By Richard Easther

The advent of the web and social media have led to a huge outpouring of enthusiasm for science but almost all sciences have skeletons in their closet, some real and some imaginary. Physicists gave us the bomb, chemists cook up the chemicals they put in the food (yes, yes, and you cheerfully drink H-2-O and breathe O-2) and even if medical researchers have doubled our lifespan many will claim they are in thrall to Big Pharma and specialise in diseases of the rich, in addition to perpetrating more specific and chilling abuses. But astronomers often sail past earthly concerns. After all, what’s not to like? Astronomy generates an endless stream of stories about strange planets, unlikely stars, and the birth of the universe, but nothing anyone can easily get upset about.

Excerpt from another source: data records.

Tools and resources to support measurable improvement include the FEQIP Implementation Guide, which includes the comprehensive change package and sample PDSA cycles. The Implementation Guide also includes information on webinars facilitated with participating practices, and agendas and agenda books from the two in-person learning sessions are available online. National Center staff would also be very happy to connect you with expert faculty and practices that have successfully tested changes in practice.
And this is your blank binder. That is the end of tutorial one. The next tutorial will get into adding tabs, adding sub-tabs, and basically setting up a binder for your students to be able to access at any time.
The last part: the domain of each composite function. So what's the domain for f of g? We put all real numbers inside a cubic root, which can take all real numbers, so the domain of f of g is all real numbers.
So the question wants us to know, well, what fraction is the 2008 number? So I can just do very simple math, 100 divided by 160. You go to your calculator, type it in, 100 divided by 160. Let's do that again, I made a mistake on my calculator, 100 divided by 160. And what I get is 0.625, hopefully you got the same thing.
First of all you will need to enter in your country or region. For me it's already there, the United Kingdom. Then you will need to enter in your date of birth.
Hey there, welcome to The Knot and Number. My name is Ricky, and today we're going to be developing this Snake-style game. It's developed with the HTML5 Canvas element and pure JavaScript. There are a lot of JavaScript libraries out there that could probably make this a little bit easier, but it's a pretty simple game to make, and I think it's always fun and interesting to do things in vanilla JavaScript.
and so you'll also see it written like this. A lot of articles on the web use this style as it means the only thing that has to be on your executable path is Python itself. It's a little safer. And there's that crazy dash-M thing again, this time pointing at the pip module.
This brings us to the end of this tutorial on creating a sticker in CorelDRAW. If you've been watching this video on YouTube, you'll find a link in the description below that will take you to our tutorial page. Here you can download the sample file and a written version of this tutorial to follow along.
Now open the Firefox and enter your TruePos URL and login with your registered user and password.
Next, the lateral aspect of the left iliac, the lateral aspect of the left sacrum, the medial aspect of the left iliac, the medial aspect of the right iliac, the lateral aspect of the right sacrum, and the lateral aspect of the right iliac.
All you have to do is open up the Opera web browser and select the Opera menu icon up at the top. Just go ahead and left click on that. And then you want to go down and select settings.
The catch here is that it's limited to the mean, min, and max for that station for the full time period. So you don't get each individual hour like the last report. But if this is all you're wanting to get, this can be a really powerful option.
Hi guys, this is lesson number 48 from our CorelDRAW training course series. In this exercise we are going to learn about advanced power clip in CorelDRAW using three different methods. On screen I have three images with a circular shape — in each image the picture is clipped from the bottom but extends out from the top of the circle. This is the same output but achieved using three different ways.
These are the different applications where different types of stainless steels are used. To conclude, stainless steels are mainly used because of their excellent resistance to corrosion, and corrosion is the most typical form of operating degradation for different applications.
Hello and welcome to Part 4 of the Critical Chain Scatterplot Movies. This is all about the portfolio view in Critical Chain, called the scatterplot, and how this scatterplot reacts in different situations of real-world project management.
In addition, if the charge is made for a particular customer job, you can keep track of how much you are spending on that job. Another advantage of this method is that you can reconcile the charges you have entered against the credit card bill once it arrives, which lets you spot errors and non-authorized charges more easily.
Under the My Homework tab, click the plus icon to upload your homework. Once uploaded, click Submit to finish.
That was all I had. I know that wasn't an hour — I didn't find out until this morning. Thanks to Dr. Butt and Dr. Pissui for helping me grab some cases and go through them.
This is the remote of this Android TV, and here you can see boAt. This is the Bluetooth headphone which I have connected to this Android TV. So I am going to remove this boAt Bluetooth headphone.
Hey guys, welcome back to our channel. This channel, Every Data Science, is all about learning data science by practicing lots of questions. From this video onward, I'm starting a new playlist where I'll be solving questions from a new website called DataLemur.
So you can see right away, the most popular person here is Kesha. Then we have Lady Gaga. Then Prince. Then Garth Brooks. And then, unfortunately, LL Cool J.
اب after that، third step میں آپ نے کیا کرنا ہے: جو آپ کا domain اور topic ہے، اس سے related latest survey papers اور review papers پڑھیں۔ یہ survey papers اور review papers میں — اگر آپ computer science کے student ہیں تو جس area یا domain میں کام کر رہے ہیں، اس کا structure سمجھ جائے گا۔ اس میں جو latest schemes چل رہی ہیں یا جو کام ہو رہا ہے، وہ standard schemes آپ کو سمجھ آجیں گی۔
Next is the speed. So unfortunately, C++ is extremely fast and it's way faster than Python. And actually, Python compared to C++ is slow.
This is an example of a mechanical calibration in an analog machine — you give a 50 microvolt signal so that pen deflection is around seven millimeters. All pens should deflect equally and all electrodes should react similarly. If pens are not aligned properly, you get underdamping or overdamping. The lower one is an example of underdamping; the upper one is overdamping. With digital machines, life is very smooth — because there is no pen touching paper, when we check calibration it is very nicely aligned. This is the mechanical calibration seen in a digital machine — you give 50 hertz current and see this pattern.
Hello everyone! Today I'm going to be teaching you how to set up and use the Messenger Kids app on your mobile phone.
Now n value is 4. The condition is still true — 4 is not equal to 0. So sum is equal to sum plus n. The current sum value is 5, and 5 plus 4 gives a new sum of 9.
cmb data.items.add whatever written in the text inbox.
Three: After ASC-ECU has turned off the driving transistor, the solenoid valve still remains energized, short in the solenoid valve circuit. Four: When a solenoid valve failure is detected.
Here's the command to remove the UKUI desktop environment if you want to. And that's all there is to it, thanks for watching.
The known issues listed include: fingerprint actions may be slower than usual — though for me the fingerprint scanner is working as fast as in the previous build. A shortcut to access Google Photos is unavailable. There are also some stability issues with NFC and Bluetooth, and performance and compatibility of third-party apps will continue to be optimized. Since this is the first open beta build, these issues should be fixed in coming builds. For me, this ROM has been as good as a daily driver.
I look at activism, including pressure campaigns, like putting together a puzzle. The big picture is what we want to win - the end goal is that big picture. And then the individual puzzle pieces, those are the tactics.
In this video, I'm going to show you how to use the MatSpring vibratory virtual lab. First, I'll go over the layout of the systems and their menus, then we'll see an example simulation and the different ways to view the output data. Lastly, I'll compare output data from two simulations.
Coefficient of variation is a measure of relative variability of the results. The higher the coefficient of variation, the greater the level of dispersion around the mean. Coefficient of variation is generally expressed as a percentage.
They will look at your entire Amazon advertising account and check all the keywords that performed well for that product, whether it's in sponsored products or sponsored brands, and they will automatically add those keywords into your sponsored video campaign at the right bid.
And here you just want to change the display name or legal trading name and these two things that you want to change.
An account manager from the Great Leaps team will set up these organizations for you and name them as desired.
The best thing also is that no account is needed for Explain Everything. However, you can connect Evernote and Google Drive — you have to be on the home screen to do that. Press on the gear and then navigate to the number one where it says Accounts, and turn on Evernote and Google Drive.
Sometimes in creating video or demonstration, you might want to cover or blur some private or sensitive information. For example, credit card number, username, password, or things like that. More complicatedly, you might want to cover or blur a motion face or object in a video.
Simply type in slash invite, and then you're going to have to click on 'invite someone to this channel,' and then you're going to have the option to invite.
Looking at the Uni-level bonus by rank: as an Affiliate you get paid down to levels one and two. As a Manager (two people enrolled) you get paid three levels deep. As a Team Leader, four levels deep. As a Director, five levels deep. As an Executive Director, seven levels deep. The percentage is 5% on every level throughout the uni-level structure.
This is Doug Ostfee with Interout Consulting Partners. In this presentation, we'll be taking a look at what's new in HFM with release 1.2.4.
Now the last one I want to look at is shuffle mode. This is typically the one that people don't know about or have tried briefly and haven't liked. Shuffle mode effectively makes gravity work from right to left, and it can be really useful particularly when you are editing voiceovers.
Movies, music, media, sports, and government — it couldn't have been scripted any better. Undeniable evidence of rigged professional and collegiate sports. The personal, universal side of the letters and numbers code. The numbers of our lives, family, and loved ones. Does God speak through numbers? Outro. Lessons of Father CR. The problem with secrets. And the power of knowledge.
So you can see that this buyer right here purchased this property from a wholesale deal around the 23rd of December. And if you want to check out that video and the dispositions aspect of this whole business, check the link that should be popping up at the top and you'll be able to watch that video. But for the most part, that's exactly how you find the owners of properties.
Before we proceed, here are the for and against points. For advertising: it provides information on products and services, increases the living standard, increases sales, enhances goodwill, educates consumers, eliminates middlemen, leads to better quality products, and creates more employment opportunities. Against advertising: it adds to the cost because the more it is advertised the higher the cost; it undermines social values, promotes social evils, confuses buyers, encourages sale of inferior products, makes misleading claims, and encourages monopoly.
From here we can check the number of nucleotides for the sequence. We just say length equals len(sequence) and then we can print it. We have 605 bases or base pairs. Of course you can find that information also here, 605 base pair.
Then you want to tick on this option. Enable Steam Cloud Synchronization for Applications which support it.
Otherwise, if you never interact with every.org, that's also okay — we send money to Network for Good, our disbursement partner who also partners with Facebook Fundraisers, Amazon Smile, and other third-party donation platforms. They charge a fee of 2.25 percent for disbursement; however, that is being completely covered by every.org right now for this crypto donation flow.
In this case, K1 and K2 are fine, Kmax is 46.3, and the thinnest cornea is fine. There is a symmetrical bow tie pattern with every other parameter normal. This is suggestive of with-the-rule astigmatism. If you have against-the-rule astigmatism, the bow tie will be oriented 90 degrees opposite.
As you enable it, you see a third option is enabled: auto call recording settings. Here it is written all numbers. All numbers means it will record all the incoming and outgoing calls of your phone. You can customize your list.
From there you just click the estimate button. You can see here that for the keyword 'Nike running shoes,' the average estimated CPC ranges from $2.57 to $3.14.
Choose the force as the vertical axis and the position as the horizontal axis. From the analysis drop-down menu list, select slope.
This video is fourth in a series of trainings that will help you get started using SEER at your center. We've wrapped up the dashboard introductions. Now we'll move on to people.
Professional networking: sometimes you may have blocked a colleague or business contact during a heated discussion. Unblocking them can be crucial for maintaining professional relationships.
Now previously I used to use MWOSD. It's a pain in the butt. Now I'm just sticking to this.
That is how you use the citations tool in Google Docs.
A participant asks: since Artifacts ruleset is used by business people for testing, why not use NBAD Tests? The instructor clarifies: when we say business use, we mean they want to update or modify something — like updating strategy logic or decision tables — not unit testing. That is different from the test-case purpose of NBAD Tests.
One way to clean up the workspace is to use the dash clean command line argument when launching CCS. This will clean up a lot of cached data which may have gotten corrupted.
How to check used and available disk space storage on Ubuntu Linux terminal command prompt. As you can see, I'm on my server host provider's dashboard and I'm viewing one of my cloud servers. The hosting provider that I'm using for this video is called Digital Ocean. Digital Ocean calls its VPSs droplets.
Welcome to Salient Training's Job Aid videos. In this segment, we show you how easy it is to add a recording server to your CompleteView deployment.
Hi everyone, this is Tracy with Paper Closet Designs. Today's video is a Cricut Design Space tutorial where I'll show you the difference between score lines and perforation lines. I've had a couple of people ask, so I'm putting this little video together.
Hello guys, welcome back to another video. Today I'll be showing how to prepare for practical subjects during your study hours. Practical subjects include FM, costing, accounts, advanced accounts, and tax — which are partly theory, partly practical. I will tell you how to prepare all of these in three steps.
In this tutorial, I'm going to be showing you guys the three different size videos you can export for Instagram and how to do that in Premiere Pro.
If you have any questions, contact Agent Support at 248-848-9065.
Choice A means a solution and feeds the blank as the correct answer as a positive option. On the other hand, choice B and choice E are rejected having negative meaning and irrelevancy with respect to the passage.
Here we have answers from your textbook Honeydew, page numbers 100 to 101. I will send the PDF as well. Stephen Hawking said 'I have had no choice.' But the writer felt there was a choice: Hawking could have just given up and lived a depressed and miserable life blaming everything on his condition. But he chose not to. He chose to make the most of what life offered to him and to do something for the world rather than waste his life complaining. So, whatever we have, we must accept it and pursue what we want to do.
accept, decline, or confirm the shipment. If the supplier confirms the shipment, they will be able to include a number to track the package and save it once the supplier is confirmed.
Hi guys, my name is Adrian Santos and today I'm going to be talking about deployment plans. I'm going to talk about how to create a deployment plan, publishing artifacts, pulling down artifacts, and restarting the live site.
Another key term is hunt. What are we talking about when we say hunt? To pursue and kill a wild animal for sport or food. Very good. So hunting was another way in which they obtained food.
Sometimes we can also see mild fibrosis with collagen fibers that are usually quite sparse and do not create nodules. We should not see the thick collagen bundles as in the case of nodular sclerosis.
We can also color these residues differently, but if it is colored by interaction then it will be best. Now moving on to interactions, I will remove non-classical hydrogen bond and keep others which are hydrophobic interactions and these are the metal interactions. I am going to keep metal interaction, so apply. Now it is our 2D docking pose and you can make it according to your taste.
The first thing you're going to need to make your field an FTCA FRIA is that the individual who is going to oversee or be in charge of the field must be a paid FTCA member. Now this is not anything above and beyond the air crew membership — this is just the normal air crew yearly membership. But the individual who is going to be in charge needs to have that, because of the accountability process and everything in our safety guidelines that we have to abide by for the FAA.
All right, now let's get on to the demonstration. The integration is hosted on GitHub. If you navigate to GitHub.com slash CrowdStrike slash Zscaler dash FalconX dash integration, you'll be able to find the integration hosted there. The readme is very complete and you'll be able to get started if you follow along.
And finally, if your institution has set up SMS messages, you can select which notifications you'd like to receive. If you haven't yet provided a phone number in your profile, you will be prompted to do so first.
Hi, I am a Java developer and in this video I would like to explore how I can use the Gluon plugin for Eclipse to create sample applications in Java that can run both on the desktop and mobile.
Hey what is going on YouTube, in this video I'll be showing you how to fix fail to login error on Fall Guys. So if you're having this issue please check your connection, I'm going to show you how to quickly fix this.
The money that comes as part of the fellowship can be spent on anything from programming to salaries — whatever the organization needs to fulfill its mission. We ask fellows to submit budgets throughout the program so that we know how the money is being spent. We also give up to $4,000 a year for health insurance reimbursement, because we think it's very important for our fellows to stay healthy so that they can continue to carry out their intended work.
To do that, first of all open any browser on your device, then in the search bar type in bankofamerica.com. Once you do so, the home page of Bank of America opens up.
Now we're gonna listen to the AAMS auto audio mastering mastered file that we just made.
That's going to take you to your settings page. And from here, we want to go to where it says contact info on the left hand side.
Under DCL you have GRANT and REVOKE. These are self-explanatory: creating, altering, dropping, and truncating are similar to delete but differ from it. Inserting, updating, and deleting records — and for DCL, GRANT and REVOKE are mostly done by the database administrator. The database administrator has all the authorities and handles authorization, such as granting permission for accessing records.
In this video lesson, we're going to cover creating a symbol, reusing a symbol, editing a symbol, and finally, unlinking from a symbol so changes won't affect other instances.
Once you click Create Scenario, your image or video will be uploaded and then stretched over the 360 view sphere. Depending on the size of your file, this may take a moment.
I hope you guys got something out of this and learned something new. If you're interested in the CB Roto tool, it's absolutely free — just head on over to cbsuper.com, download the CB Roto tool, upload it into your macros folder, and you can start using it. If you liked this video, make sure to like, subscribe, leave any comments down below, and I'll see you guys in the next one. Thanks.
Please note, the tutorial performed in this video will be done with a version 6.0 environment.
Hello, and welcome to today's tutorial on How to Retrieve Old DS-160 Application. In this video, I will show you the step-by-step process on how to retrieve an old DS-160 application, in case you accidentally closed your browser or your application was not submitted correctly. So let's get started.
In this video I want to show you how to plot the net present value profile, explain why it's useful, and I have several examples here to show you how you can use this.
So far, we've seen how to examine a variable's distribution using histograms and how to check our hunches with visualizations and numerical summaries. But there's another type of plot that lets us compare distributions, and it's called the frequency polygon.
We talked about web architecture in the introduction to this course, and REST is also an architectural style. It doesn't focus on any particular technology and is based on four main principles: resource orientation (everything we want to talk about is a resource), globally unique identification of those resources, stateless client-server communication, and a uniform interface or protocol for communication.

Even journalists suspend their usual rules for astronomy and other good-news science stories. Copy approval, sending sources a draft of an article for commentary and correction, is anathema to journalists on a hard news story, but I am often sent drafts “to check the details” when I talk to the media about astronomy. So perhaps this is why astronomers have been caught flat-footed by the apparently sudden eruption of protest around the Thirty Metre Telescope, or TMT. The issue is not the $1.3 billion price tag but its location at the summit of Mauna Kea, the highest peak on Hawai`i’s Big Island. The problem is that while Mauna Kea is a fantastic place for astronomy (a huge mountain rising out of the Pacific Ocean; the skies above it are stable and clear) it is also sacred to many native Hawai`ians. The issues are far from straightforward, but Buzzfeed (in its new incarnation as a purveyor of long-form news) and the Huffington Post have summaries of recent events and TMT consortium has put its own response to the controversy online. However, for some astronomers it has led to the discovery that they may not always be the good guys.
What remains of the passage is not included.